Apparently, Cebuanos weren’t afraid to take part in the fight. Cebu “was always with the opposition” at the time of the Marcos regime, University of the Philippines in Cebu history professor, Dr. Madrileña de la Cerna, told Cebu Daily News. Politicians, lawyers, students, members of religious organizations, teachers and many others with different roles in society were very vocal about how they saw the government and the situation of the Filipinos during that time. De la Cerna described the protests as “very alive” because of the students. Theater groups from the province’s top schools, University of the Philippines College Cebu, Saint Theresa’s College and University of San Carlos “were very close” and held performances that portrayed the plight of the citizens under the Marcos’ regime.

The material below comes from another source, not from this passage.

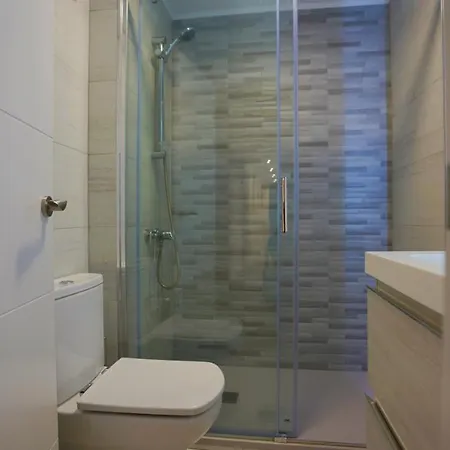 Stylish & Spacious Family Near & Vibrant Historic Market Apartment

The “Battle at the Capitol,” as coined by the once-existing newspaper, The Republic News, was considered such a blatant display of the people’s sentiments about the Marcos government that a story about it was published in The New York Times. The demonstration was organized after one of the rigged elections during the Marcos era. Thousands participated “armed with firebombs and bricks,” reported the US publication, and ended violently with 1 dead and 27 injured. 8 of those among them were soldiers. It was a 17-year-old named Raul Pintoy who died at the public demonstration after a fatal shot to his neck fired by one of the policemen and soldiers who were shooting at the protesters.
Dodong Holganza was a celebrated freedom fighter who, even when behind bars, continued to organize and function as a leader in the movement against Marcos and his cronies. De la Cerna could recall Nenita Cortes Daluz aka “Inday Nita,” a reporter, “always in the front line” of marches. It was also in a monastery in Cebu where the Aquinos found safety for a while.
Without a doubt, Cebu played a significant role in a crucial time of our country’s history to regain freedom. Tomorrow, on Ninoy Aquino Day, let us remember not just one man but all those who fought with him and those who risked their lives, believing in his message that “the Filipino is worth dying for.”